● GIVEN INFORMATION:
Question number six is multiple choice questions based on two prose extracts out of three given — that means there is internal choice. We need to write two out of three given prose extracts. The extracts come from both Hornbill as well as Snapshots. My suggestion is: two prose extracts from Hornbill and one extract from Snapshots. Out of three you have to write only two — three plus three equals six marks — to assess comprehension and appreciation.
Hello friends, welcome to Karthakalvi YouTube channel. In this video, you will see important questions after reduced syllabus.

--

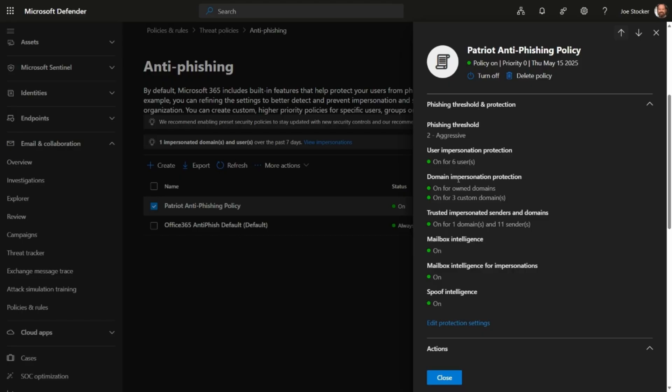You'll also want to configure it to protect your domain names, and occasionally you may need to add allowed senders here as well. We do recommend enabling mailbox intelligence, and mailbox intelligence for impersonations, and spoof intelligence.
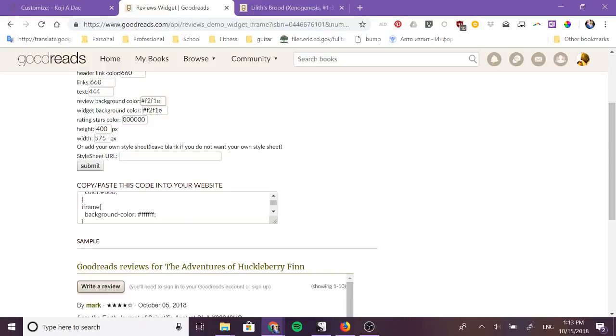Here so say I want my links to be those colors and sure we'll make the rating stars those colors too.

--

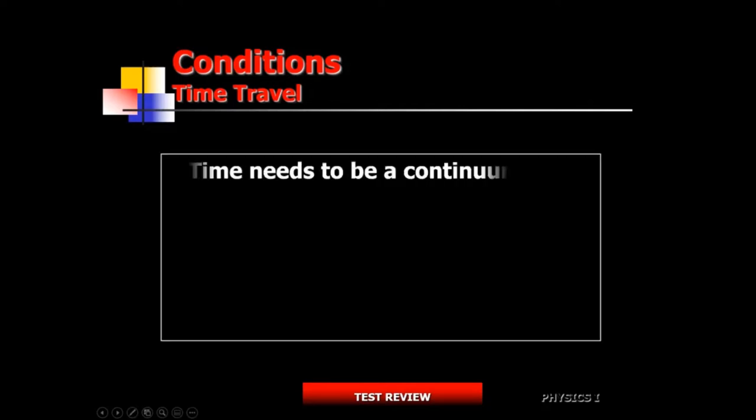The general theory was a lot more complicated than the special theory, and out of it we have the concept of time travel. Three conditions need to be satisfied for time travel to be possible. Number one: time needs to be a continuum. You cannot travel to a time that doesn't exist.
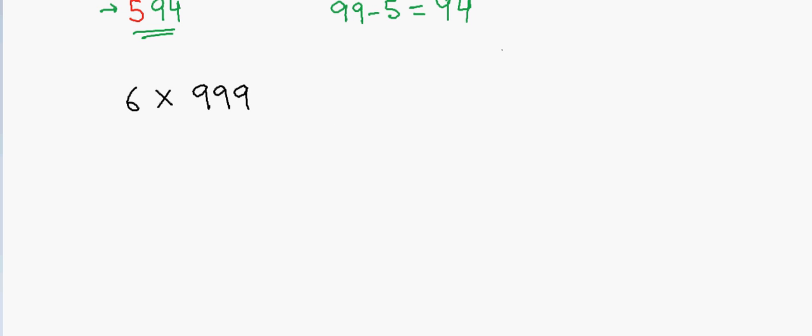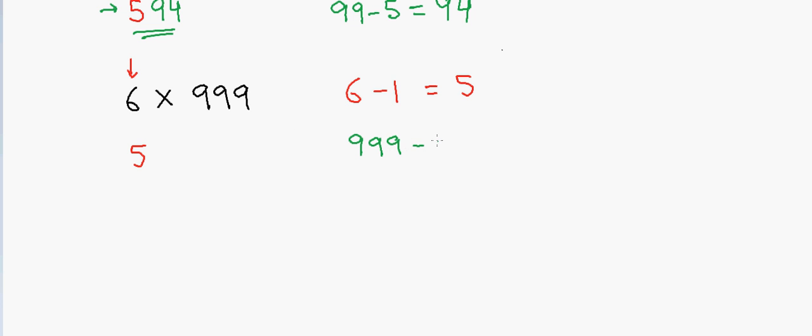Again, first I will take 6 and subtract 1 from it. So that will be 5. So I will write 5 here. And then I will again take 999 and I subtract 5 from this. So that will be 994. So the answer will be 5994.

● DIRECTIONS FOR THIS TASK: Your answer should consist of the lines from the line with "Question number six" to the line with "Hello friends, welcome" above, repeated exactly, both ends included.

● TASK OUTPUT:
Question number six is multiple choice questions based on two prose extracts out of three given — that means there is internal choice. We need to write two out of three given prose extracts. The extracts come from both Hornbill as well as Snapshots. My suggestion is: two prose extracts from Hornbill and one extract from Snapshots. Out of three you have to write only two — three plus three equals six marks — to assess comprehension and appreciation.
Hello friends, welcome to Karthakalvi YouTube channel. In this video, you will see important questions after reduced syllabus.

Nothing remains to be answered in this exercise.